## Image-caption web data
----------
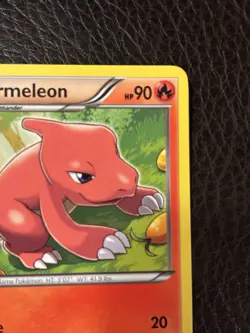 Pokemon TCG Charmeleon Legendary Treasures 18/113 Regular English 2013 - Image 3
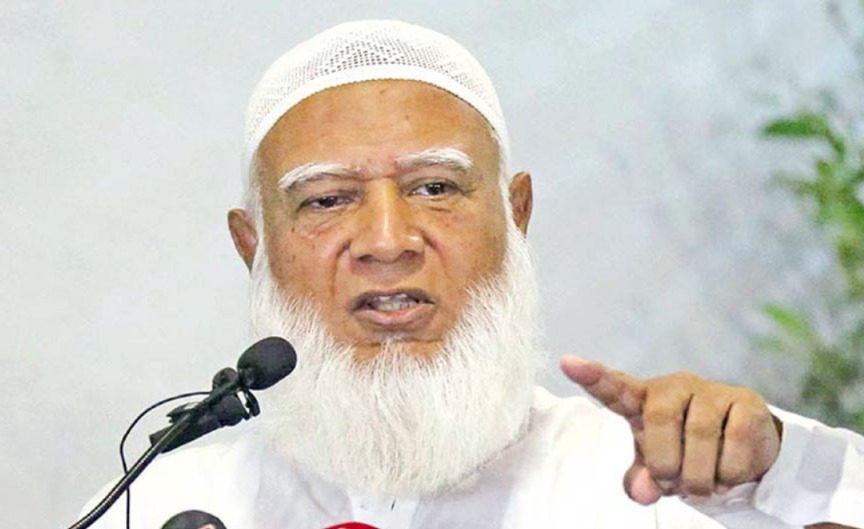 শীর্ষপদে কোনও মহিলার আসা সম্ভব নয়! ভোটমুখী বাংলাদেশে প্রকাশ্যে নারীবিদ্বেষ জামাত প্রধানের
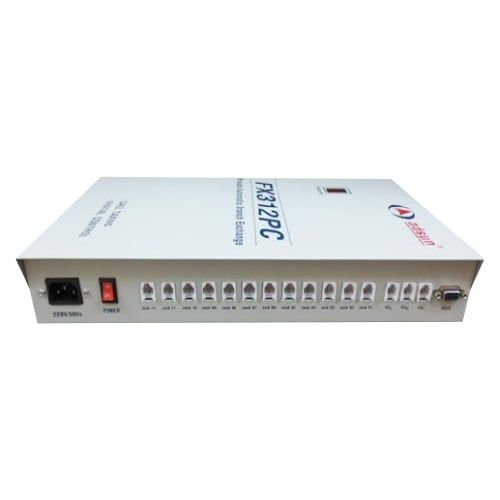 Tổng đài điện thoại ADSUN FX 312PC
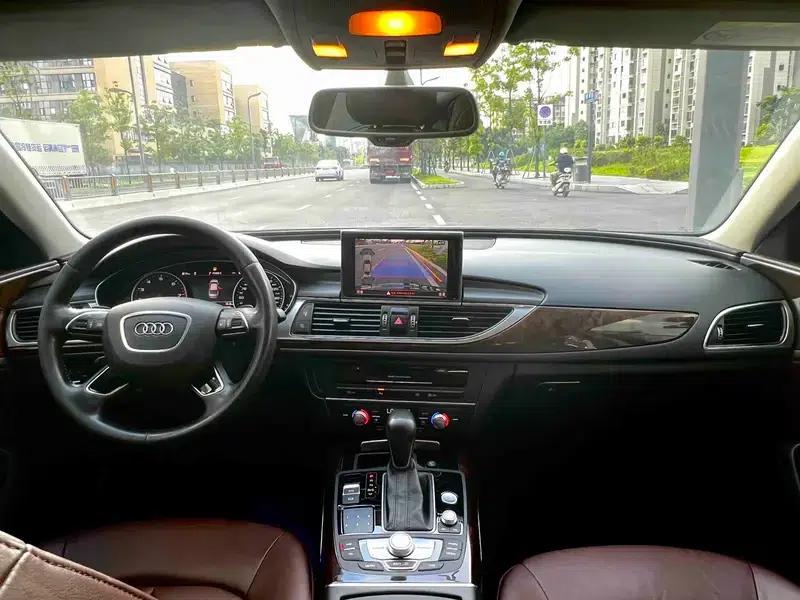 Audi A6L 2016 TFSI Technology Edition — миниатюра 14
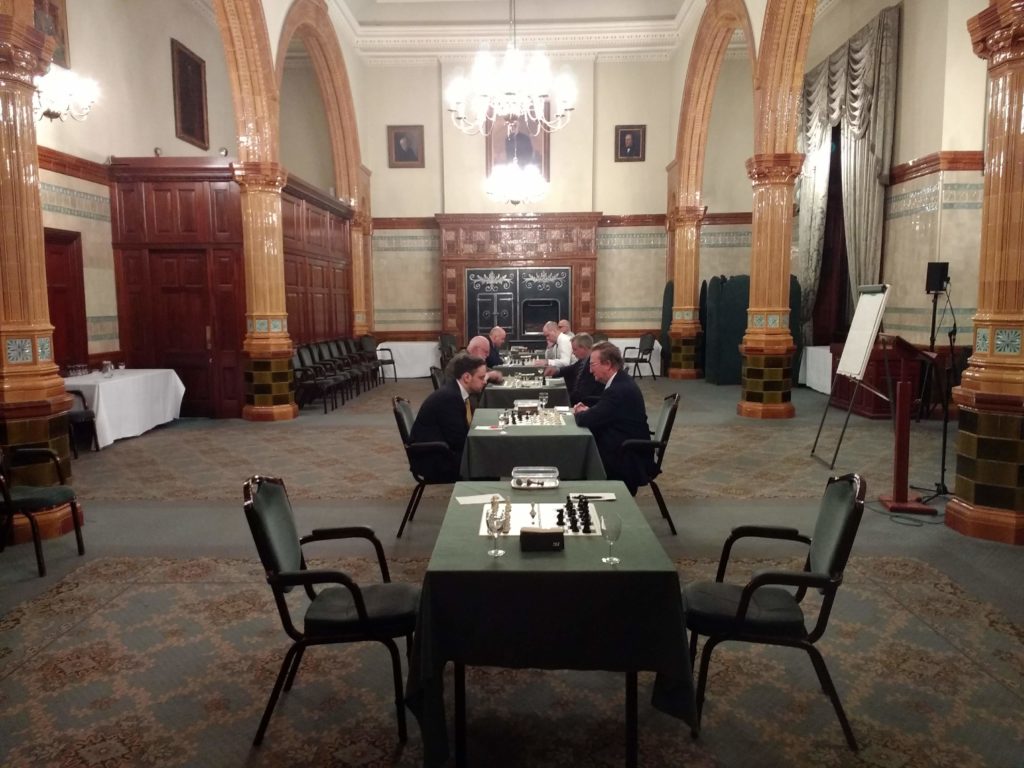 Nlcvori Eic 1 4 National Liberal Club Chess Circle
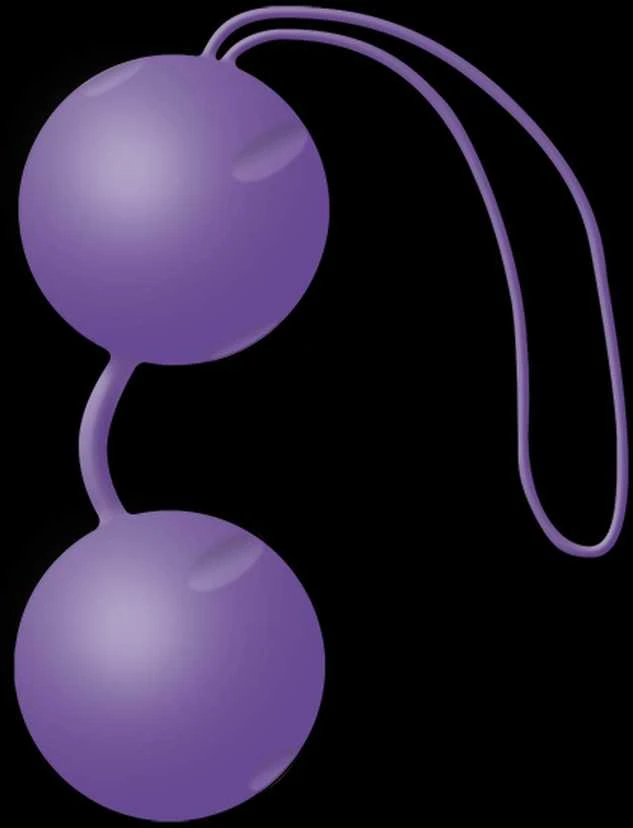 Joydivision Kulki-Joyballs, violett
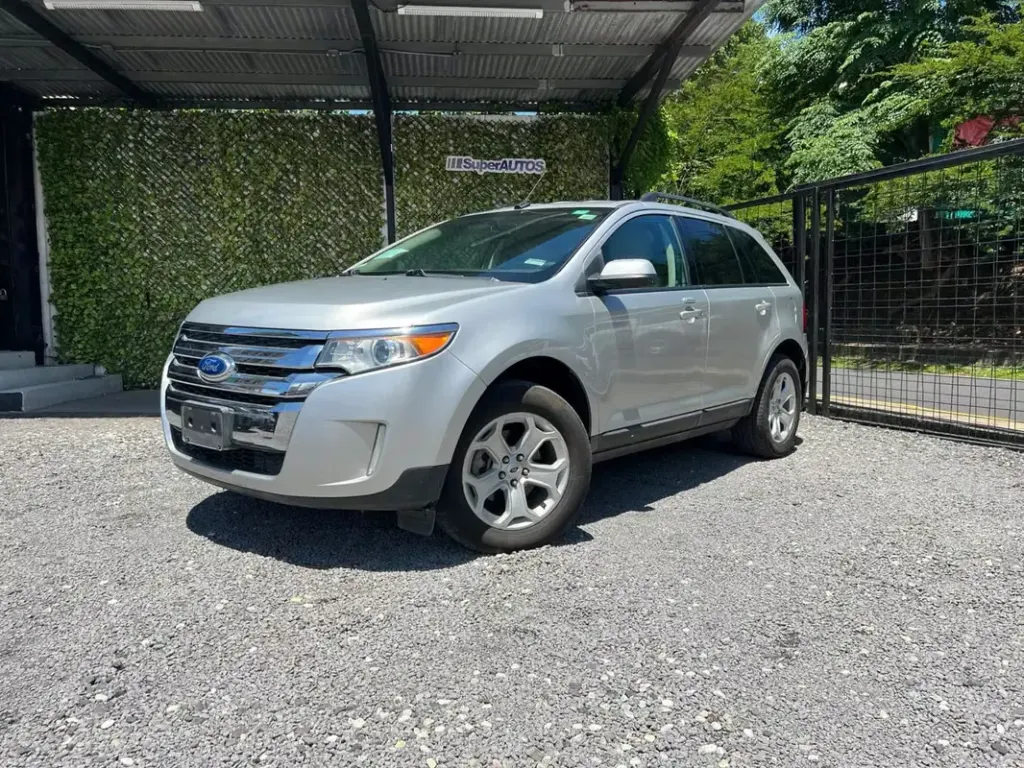 2014 Ford Edge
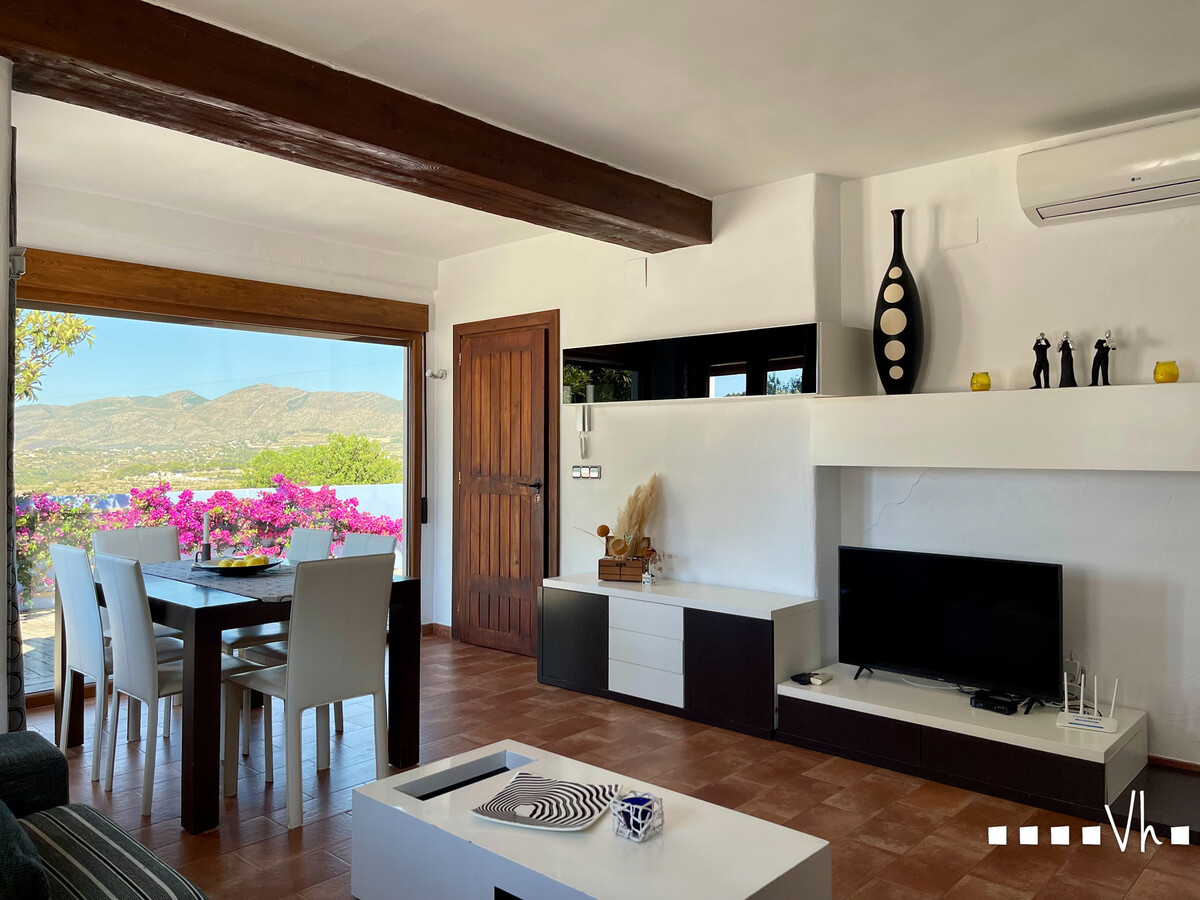 Casa Pepet : villa 4 pers. avec piscine 8x4m à Benissa - Photo 15
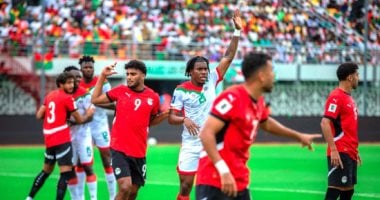 فيفا يختار ملعب العربي الزاولي بالمغرب لاستضافة مباراة مصر وجيبوتي 5 فيفا يختار ملعب العربي الزاولي بالمغرب لاستضافة مباراة مصر وجيبوتي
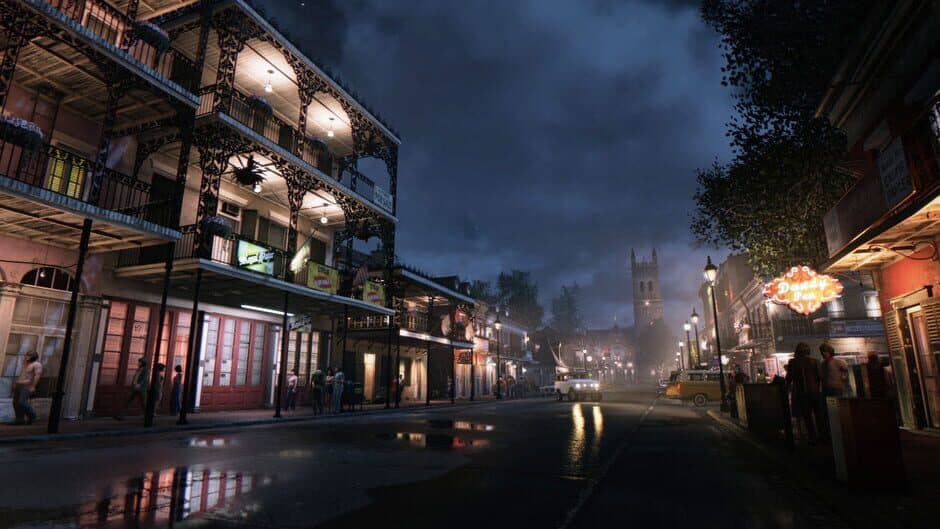 Mafia III: Definitive Edition - Captura 13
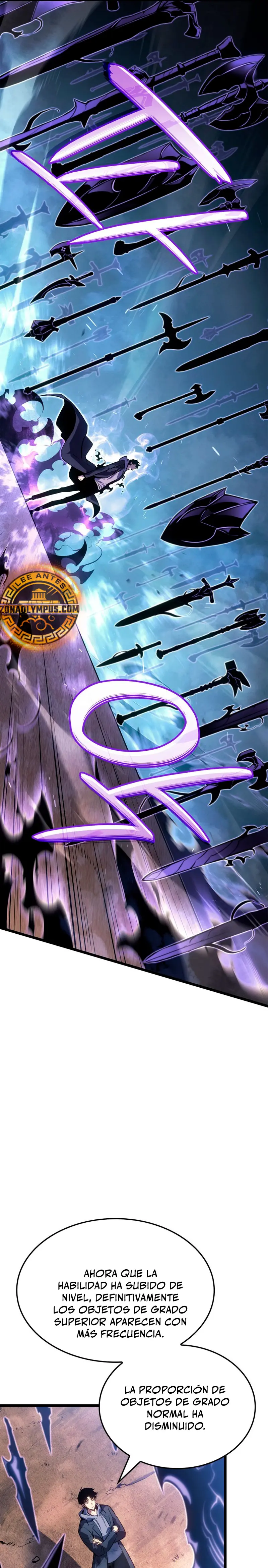 Solo Leveling Ragnarok Capítulo 61 - Page 14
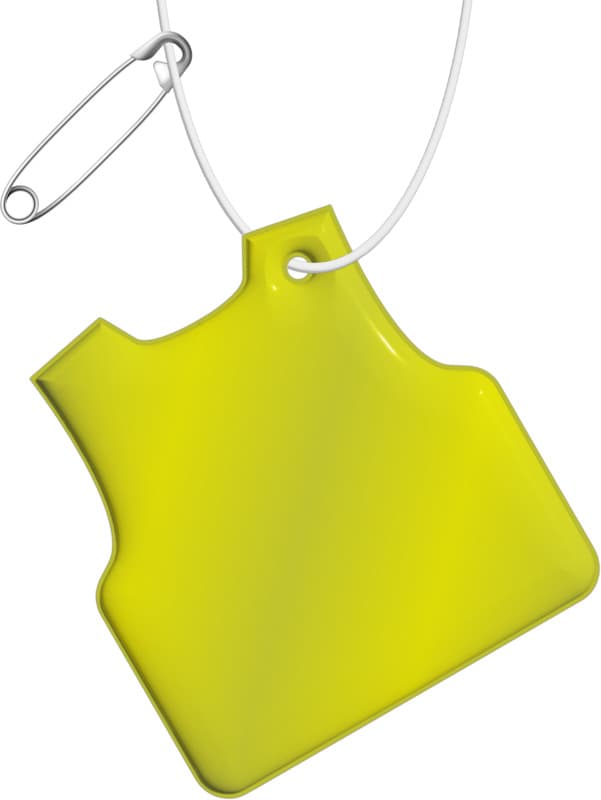 RFX™ H-16 vest reflective PVC hanger 4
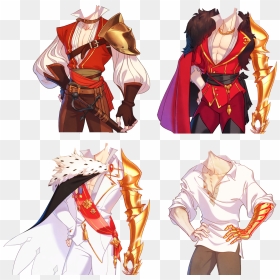 Lucio Sprite Bundle - Lucio The Arcana Outfits, HD Png Download - lucio png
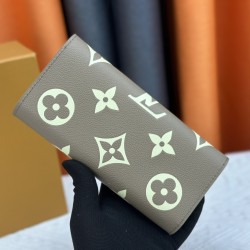 LV Bags High Quality Flip Wallet
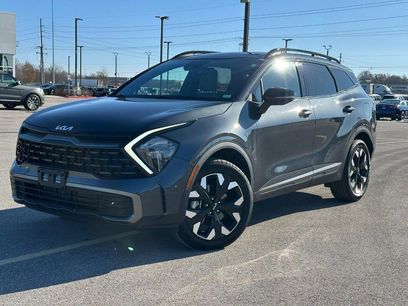 Used 2023 Kia Sportage X-Line w/ X-Line Premium Package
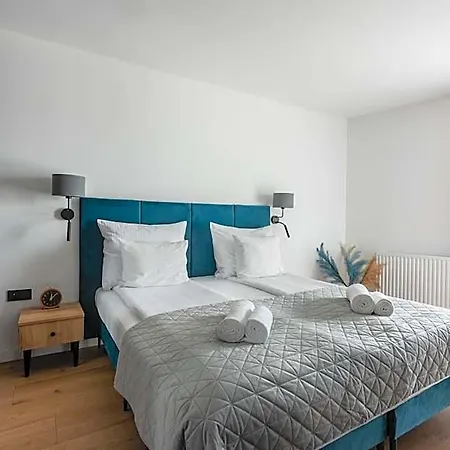 Aparthotel Inpoint Old Town&kazimierz - Free Parking 4*
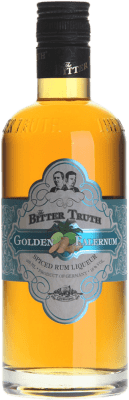 26,95 € | Refrescos y Mixers Bitter Truth Golden Falernum Alemania Botella Medium 50 cl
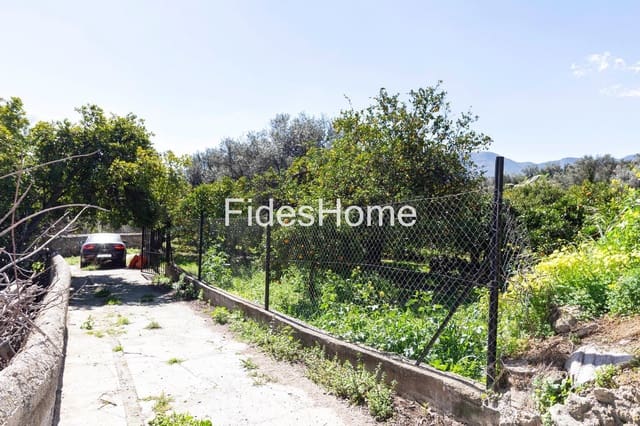 Grunde uden byggetilladelser til salg i Lecrín - € 70.000 (Ref: 9690027)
----------
Exactly as they appear above, write out all the entries, without pictures.

 Pokemon TCG Charmeleon Legendary Treasures 18/113 Regular English 2013 - Image 3
 শীর্ষপদে কোনও মহিলার আসা সম্ভব নয়! ভোটমুখী বাংলাদেশে প্রকাশ্যে নারীবিদ্বেষ জামাত প্রধানের
 Tổng đài điện thoại ADSUN FX 312PC
 Audi A6L 2016 TFSI Technology Edition — миниатюра 14
 Nlcvori Eic 1 4 National Liberal Club Chess Circle
 Joydivision Kulki-Joyballs, violett
 2014 Ford Edge
 Casa Pepet : villa 4 pers. avec piscine 8x4m à Benissa - Photo 15
 فيفا يختار ملعب العربي الزاولي بالمغرب لاستضافة مباراة مصر وجيبوتي 5 فيفا يختار ملعب العربي الزاولي بالمغرب لاستضافة مباراة مصر وجيبوتي
 Mafia III: Definitive Edition - Captura 13
 Solo Leveling Ragnarok Capítulo 61 - Page 14
 RFX™ H-16 vest reflective PVC hanger 4
 Lucio Sprite Bundle - Lucio The Arcana Outfits, HD Png Download - lucio png
 LV Bags High Quality Flip Wallet
 Used 2023 Kia Sportage X-Line w/ X-Line Premium Package
 Aparthotel Inpoint Old Town&kazimierz - Free Parking 4*
 26,95 € | Refrescos y Mixers Bitter Truth Golden Falernum Alemania Botella Medium 50 cl
 Grunde uden byggetilladelser til salg i Lecrín - € 70.000 (Ref: 9690027)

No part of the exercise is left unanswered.